Matthew Taylor, chief executive of the NHS Confederation, said: “The triple walkout will jeopardise patient care, particularly for people with cancer.
NHS Providers called the joint strike a “worrying escalation” in the long-running dispute with Government and said the “stalemate” cannot continue.
Health and Social Care Secretary Steve Barclay said: “I’m deeply disappointed and concerned by further co-ordinated strike action which poses continued challenges for the NHS and disruption for patients, and means more will have vital treatment and care delayed.
“I urge unions to end their relentless strike action,” he added.
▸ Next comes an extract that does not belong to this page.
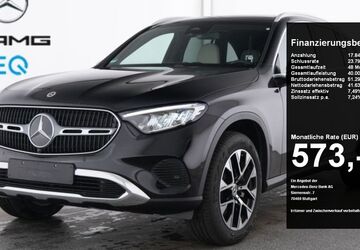 Mercedes-Benz GLC 300 12.263 km 58.880 &euro; Schwerte 58239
“Doctors have received a fair and reasonable pay rise – as recommended by the independent pay review body, which we’ve accepted in full.”
Conciliation service Acas has repeated its offer to help end the dispute.
Marina Glasgow, Acas’ chief conciliator, said: “We have a team of experts who are well prepared and ready to help with the consultants and junior doctors’ disputes.
“Acas has decades of experience in resolving disputes, which includes helping the various sides look at options for a compromise. Our collective conciliation service is impartial, free and independent. It is also voluntary, which means we can only hold formal conciliation talks when all the parties in dispute agree that the time is right for conciliation.
“An independent survey this year showed that both employers and employees overwhelming want the various sides involved in strike action to seek mediation from Acas to resolve their dispute.”